Based on this definition, the safe integers are all the integers from -(253 – 1) inclusive to 253 – 1 inclusive. These values are important and we’ll discuss them a bit more at the end of this section.

The syntax of this method is:

Number.isSafeInteger(value)

Where value is the value you want to test. A few example uses of this method are shown below:

// prints "true"
console.log(Number.isSafeInteger(5));

// prints "false"
console.log(Number.isSafeInteger('19'));

// prints "false"
console.log(Number.isSafeInteger(Math.pow(2, 53)));

// prints "true"
console.log(Number.isSafeInteger(Math.pow(2, 53) - 1));

A live demo of this code is shown below and also available as a JSFiddle.

The Number.isSafeInteger() method is supported by Firefox, Chrome and Opera. A polyfill for this method, extracted from es6-shim by Paul Miller, is:

Number.isSafeInteger = Number.isSafeInteger || function (value) {
   return Number.isInteger(value) && Math.abs(value) <= Number.MAX_SAFE_INTEGER;
};

Note that this polyfill relies on the Number.isInteger() method discussed before, so you need to polyfill the latter as well to use this one.

ECMAScript 6 “Harmony” also introduces two related constant values: Number.MAX_SAFE_INTEGER and Number.MIN_SAFE_INTEGER. The former represents the maximum safe integer in JavaScript, that is 253 – 1, while the latter the minimum safe integer which is -(253 – 1). As you might note, these are the same values I cited earlier.

Number.parseInt() and Number.parseFloat()

The Number.parseInt() and Number.parseFloat() methods are covered in the same section because, unlike other similar methods mentioned in this article, they already existed in previous version of ECMAScript but aren’t different from their old global version. So, you can use them in the same way you’ve done so far and you can expect the same results. They have been added to Number because they actually belonged to it from the very beginning.

For the sake of completeness I’m reporting their syntax:

// Signature of Number.parseInt
Number.parseInt(string, radix)

// Signature of Number.parseFloat
Number.parseFloat(string)

Where string represents the value you want to parse and radix is the radix you want to use to convert string.

The following snippet shows a few example uses:

// Prints "-3"
console.log(Number.parseInt('-3'));

// Prints "4"
console.log(Number.parseInt('100', 2));

// Prints "NaN"
console.log(Number.parseInt('test'));

// Prints "NaN"
console.log(Number.parseInt({}));

// Prints "42.1"
console.log(Number.parseFloat('42.1'));

// Prints "NaN"
console.log(Number.parseFloat('test'));

// Prints "NaN"
console.log(Number.parseFloat({}));

A live demo of this code is displayed below and also available as a JSFiddle.

These methods are currently implemented in Firefox, Chrome, and Opera.
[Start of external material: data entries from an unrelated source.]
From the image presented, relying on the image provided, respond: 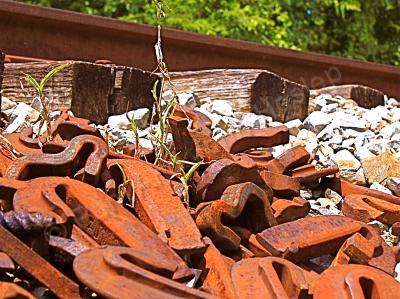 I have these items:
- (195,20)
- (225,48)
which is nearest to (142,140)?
(225,48)

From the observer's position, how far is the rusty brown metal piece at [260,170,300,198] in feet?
7.98

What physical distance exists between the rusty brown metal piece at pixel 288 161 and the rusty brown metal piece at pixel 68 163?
63cm

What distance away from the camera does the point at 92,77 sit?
11.1ft

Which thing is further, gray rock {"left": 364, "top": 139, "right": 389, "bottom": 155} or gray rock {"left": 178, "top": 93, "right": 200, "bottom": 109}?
gray rock {"left": 178, "top": 93, "right": 200, "bottom": 109}

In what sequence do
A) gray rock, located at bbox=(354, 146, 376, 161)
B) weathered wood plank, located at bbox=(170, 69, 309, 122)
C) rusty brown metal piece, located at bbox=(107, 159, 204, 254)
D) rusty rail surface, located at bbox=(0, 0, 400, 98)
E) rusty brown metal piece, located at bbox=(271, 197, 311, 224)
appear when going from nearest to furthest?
1. rusty brown metal piece, located at bbox=(107, 159, 204, 254)
2. rusty brown metal piece, located at bbox=(271, 197, 311, 224)
3. gray rock, located at bbox=(354, 146, 376, 161)
4. weathered wood plank, located at bbox=(170, 69, 309, 122)
5. rusty rail surface, located at bbox=(0, 0, 400, 98)

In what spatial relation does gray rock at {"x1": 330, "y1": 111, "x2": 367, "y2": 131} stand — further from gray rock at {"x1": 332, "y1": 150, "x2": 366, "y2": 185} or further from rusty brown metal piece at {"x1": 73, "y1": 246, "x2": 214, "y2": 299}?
rusty brown metal piece at {"x1": 73, "y1": 246, "x2": 214, "y2": 299}

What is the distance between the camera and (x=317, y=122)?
11.8 ft

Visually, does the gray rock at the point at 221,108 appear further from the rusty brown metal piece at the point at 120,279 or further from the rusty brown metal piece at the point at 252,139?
the rusty brown metal piece at the point at 120,279

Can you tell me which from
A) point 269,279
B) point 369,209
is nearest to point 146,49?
point 369,209

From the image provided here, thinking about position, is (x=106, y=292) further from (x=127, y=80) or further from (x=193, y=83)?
(x=193, y=83)

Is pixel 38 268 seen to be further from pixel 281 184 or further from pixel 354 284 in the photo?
pixel 281 184

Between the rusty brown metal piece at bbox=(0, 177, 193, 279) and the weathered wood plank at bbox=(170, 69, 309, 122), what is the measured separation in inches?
77.2

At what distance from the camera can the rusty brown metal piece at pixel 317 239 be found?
2043 millimetres

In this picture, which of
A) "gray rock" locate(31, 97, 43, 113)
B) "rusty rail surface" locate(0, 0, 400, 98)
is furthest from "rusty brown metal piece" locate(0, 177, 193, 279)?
"rusty rail surface" locate(0, 0, 400, 98) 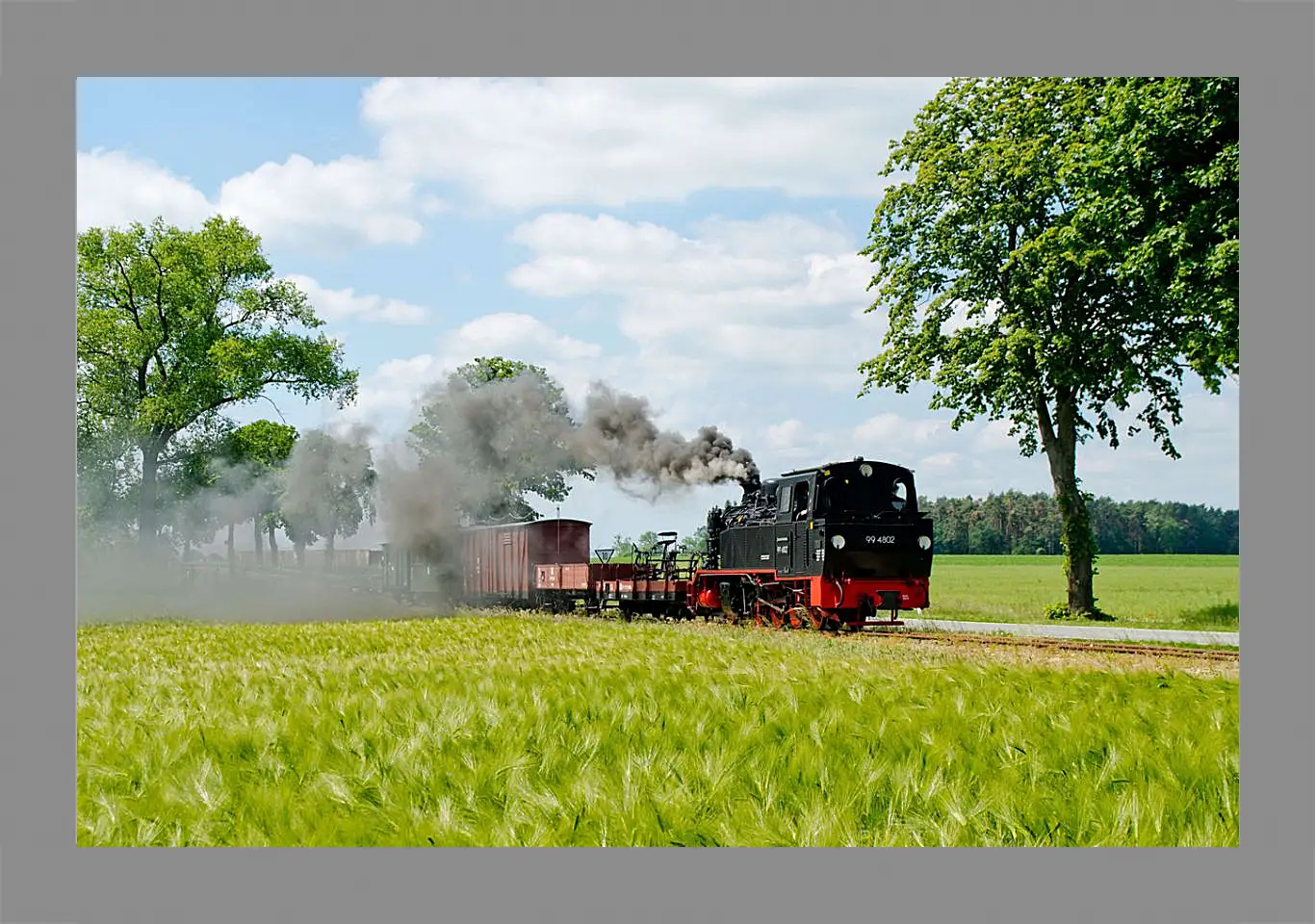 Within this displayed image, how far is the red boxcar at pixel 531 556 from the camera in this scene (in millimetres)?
34250

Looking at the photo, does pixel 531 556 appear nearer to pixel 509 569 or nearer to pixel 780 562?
pixel 509 569

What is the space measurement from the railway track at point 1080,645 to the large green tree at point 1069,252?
5.07 m

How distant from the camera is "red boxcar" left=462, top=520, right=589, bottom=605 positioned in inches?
1348

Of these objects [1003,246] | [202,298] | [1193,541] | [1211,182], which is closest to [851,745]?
[1211,182]

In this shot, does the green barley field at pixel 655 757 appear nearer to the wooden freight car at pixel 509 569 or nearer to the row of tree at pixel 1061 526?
the row of tree at pixel 1061 526

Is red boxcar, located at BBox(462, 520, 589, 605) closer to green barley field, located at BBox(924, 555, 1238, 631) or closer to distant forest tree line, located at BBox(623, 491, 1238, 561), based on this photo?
distant forest tree line, located at BBox(623, 491, 1238, 561)

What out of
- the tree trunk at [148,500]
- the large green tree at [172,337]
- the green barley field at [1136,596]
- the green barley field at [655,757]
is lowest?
the green barley field at [1136,596]

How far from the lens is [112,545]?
26.4 m

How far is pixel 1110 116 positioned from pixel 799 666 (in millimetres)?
14948

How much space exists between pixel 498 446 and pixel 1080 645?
23.7m

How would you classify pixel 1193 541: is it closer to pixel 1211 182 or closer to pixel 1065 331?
pixel 1065 331

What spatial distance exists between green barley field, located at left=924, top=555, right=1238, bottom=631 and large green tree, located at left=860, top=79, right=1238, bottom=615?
2.10 meters

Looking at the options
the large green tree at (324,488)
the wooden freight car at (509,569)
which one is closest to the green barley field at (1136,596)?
the wooden freight car at (509,569)

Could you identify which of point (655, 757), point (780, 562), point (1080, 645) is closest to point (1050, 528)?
point (780, 562) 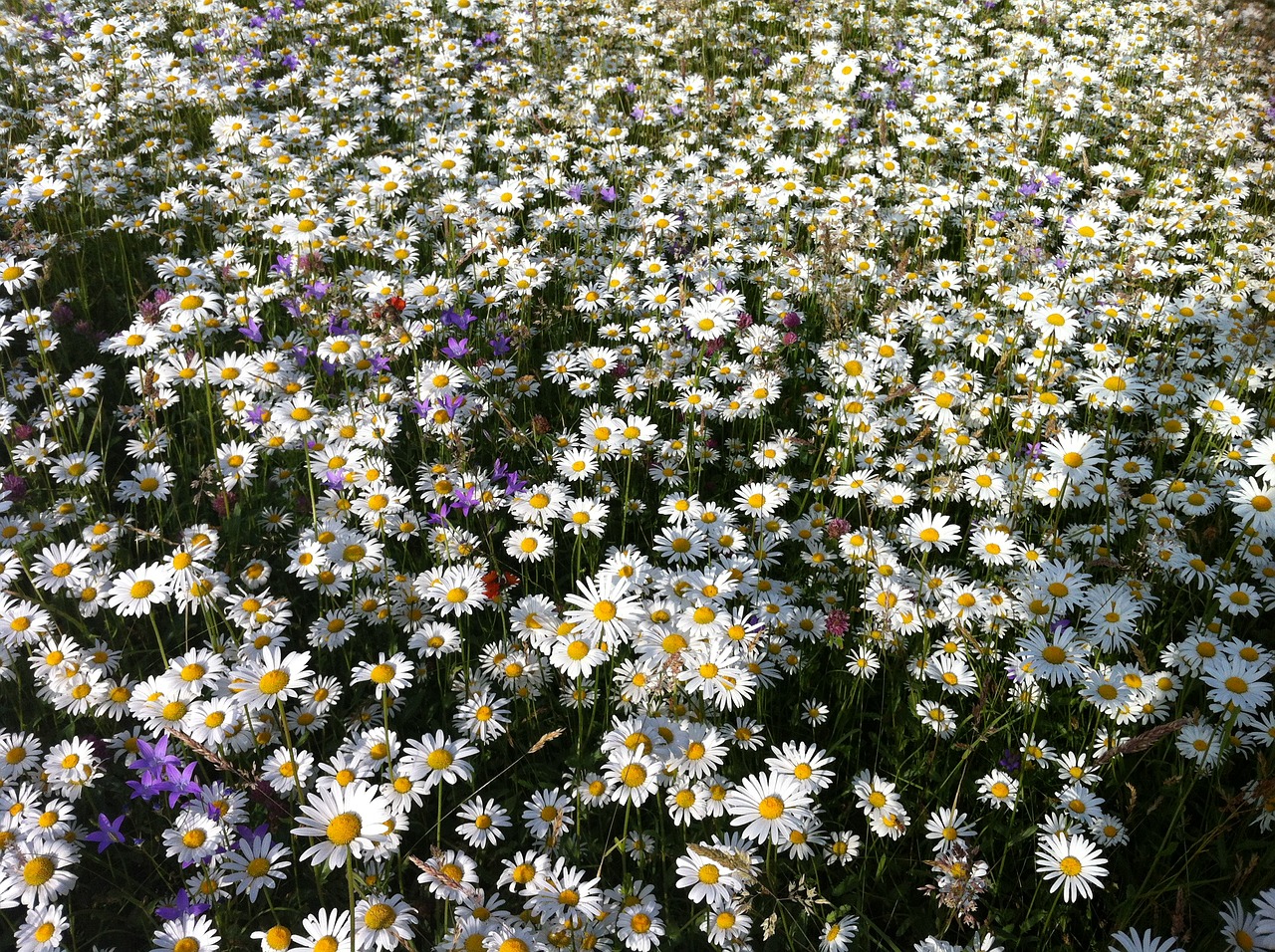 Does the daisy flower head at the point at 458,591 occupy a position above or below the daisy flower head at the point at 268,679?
below

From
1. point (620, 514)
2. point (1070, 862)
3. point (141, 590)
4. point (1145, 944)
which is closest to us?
point (1145, 944)

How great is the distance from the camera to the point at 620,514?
3734 millimetres

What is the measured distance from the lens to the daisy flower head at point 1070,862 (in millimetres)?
2345

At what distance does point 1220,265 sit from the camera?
4.98 meters

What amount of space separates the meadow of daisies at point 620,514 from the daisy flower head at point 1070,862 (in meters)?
0.02

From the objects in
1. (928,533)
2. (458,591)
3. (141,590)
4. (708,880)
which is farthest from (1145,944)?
(141,590)

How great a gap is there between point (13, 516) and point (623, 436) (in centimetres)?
254

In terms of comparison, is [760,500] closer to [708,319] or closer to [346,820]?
[708,319]

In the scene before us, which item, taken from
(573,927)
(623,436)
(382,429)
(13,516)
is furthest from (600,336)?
(573,927)

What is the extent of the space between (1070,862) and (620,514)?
2169 millimetres

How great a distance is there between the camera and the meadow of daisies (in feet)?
7.82

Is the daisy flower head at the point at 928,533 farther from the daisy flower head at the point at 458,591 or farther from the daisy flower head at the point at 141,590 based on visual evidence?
the daisy flower head at the point at 141,590

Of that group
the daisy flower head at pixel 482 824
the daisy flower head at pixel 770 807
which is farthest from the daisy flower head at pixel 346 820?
the daisy flower head at pixel 770 807

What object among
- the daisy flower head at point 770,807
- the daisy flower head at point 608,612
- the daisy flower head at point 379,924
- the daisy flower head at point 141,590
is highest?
the daisy flower head at point 608,612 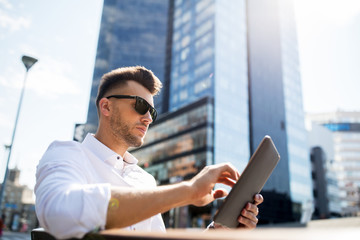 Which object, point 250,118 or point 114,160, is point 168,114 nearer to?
point 250,118

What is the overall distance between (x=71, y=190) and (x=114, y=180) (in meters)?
0.57

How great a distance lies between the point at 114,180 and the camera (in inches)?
59.7

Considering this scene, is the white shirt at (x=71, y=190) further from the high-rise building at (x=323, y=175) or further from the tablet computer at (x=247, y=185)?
the high-rise building at (x=323, y=175)

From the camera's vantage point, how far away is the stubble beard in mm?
1709

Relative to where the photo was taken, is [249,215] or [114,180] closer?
[249,215]

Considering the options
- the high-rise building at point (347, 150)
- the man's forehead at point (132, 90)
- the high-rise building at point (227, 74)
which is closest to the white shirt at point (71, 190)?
the man's forehead at point (132, 90)

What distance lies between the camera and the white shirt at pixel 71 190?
0.90 metres

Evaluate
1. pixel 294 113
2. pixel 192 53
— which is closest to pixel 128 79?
pixel 192 53

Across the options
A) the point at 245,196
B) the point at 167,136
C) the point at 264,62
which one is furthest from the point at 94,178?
the point at 264,62

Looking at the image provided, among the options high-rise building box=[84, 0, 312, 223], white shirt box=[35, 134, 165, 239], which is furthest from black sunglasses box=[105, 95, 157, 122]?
high-rise building box=[84, 0, 312, 223]

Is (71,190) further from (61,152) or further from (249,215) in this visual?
(249,215)

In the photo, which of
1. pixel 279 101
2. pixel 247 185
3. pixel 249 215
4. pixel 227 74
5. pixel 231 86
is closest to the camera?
pixel 247 185

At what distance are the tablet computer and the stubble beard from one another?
0.74 metres

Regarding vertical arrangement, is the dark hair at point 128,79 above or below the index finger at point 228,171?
above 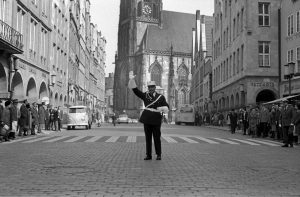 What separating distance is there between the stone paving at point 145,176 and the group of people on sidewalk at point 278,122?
5.74 meters

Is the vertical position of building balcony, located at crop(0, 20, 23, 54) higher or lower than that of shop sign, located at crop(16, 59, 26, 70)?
higher

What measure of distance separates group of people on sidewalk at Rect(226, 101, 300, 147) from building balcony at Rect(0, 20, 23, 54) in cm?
1322

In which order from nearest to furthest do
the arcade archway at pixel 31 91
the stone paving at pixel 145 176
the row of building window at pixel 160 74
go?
1. the stone paving at pixel 145 176
2. the arcade archway at pixel 31 91
3. the row of building window at pixel 160 74

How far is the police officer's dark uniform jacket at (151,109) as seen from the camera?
37.7 ft

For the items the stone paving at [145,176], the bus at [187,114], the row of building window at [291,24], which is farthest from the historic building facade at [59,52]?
the stone paving at [145,176]

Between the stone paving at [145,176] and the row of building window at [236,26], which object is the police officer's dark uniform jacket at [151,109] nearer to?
the stone paving at [145,176]

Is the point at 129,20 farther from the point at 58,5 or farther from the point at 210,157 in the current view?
the point at 210,157

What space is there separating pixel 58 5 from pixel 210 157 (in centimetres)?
3532

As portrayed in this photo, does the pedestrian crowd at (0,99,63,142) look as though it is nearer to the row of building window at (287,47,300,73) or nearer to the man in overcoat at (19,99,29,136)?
the man in overcoat at (19,99,29,136)

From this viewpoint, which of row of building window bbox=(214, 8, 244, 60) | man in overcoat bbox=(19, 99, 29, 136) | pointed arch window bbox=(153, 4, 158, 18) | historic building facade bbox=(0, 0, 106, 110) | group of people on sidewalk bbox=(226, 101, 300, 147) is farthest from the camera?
pointed arch window bbox=(153, 4, 158, 18)

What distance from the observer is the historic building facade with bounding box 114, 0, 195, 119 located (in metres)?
113

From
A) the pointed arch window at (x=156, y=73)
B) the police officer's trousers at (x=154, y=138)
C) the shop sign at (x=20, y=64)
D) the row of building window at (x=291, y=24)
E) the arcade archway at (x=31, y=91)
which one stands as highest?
the pointed arch window at (x=156, y=73)

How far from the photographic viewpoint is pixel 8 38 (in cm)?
2512

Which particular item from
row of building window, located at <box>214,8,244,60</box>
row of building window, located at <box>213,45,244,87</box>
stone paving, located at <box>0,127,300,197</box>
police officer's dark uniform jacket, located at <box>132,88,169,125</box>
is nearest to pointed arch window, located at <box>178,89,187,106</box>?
row of building window, located at <box>213,45,244,87</box> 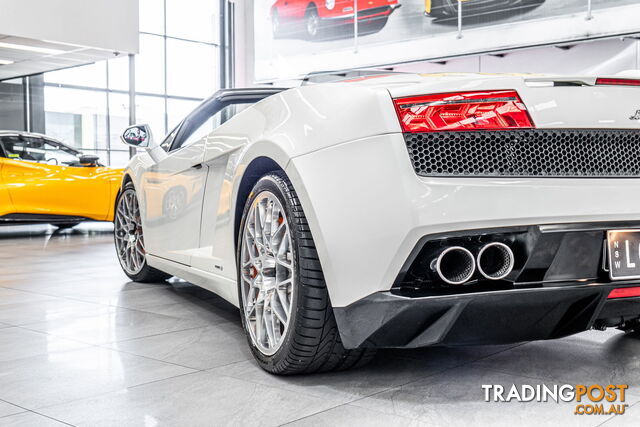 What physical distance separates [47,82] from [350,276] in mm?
12278

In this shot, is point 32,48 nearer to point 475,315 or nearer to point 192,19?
point 192,19

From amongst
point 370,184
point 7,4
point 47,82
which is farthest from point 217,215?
point 47,82

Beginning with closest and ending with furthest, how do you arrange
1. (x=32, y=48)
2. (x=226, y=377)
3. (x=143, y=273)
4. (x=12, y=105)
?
(x=226, y=377) < (x=143, y=273) < (x=32, y=48) < (x=12, y=105)

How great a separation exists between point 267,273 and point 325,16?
14.7 m

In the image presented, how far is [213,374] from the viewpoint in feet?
8.33

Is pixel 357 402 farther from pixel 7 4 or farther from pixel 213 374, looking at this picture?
pixel 7 4

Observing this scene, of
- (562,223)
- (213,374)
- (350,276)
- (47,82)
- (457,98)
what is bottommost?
(213,374)

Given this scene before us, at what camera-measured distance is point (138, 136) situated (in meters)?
3.98

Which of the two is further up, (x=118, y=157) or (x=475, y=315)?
(x=118, y=157)

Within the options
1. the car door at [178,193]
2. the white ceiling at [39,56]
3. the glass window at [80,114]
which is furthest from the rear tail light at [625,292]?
the glass window at [80,114]

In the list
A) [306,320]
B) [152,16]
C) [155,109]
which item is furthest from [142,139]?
[152,16]

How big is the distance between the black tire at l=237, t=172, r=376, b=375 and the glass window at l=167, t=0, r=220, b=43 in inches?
785

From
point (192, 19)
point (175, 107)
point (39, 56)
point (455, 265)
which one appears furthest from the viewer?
point (175, 107)

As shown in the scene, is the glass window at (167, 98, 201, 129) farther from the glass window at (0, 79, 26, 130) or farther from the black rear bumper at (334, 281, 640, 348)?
the black rear bumper at (334, 281, 640, 348) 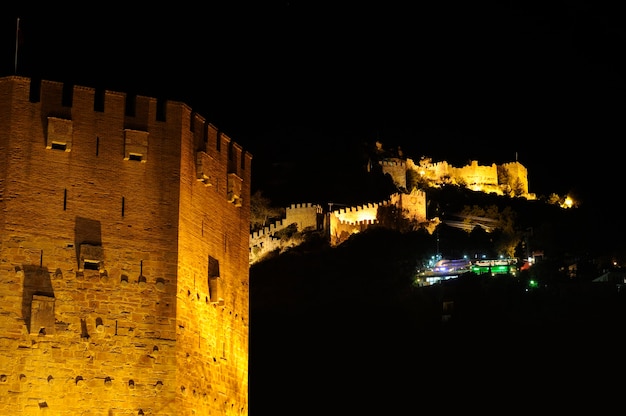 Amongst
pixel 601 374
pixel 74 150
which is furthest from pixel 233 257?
pixel 601 374

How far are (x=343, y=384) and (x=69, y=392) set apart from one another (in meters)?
40.9

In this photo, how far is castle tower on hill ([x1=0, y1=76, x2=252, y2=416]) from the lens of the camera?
16672 millimetres

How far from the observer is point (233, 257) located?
66.9ft

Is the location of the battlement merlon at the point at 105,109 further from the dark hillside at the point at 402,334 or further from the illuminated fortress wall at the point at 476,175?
the illuminated fortress wall at the point at 476,175

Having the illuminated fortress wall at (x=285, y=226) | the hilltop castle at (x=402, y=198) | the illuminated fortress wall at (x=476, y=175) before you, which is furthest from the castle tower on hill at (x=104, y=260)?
the illuminated fortress wall at (x=476, y=175)

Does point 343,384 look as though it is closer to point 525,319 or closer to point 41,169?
A: point 525,319

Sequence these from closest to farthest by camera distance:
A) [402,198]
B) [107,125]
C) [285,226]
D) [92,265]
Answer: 1. [92,265]
2. [107,125]
3. [285,226]
4. [402,198]

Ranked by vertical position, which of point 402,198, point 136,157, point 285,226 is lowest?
point 136,157

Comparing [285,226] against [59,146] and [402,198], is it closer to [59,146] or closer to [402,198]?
[402,198]

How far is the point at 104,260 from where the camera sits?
57.3 ft

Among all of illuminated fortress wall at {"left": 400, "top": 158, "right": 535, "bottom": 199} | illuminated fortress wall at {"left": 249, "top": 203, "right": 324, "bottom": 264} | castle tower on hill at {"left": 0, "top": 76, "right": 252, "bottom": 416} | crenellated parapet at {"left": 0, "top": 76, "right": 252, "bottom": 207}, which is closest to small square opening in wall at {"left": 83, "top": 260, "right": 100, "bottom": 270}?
castle tower on hill at {"left": 0, "top": 76, "right": 252, "bottom": 416}

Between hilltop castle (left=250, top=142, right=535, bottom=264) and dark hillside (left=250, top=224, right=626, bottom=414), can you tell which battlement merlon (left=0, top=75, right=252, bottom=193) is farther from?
hilltop castle (left=250, top=142, right=535, bottom=264)

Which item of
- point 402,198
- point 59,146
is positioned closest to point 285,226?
point 402,198

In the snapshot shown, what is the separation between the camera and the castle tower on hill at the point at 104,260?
16.7 m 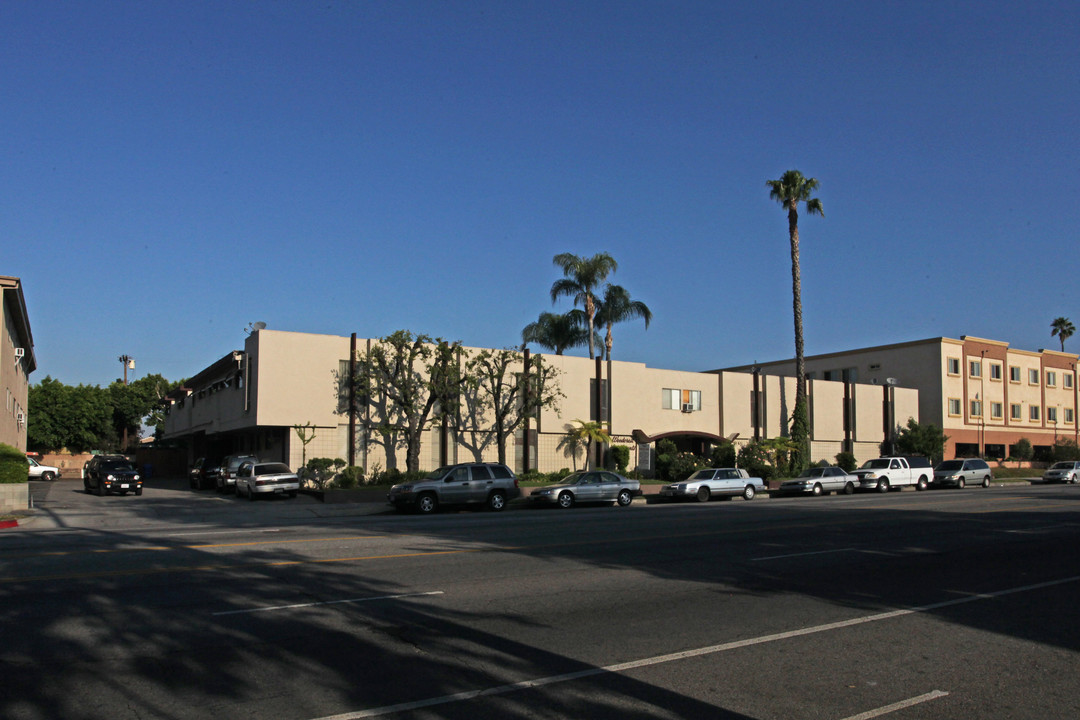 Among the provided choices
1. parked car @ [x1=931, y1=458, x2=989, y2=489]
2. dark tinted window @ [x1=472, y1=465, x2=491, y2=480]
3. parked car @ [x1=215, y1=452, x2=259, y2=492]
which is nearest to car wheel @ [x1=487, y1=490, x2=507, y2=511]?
dark tinted window @ [x1=472, y1=465, x2=491, y2=480]

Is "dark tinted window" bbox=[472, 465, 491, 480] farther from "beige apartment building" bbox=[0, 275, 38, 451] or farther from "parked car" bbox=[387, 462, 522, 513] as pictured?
"beige apartment building" bbox=[0, 275, 38, 451]

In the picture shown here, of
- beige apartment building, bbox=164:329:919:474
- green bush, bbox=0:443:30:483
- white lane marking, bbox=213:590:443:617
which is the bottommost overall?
white lane marking, bbox=213:590:443:617

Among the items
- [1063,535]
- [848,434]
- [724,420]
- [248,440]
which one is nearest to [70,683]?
[1063,535]

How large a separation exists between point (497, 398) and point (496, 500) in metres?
10.8

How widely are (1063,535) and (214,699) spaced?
18074 millimetres

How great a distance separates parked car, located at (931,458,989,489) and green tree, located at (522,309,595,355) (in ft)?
72.0

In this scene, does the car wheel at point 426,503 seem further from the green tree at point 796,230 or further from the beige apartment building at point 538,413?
the green tree at point 796,230

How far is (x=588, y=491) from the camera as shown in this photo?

In case you want to polyfill them, you can simply call their related global method as listed below:

// Polyfill Number.parseInt
Number.parseInt = Number.parseInt || function () {
   return window.parseInt.apply(window, arguments); 
};

// Polyfill Number.parseFloat
Number.parseFloat = Number.parseFloat || function () {
   return window.parseFloat.apply(window, arguments); 
};

Conclusion

In this tutorial we’ve covered the new methods and constants added in ECMAScript 6 that work with the Number data type. It’s worth noting that the new version of JavaScript also has added another constant that I didn’t mention so far. This constant is Number.EPSILON and represents the difference between one and the smallest value greater than one that can be represented as a Number. With this last note, we’ve concluded our journey for the Number data type.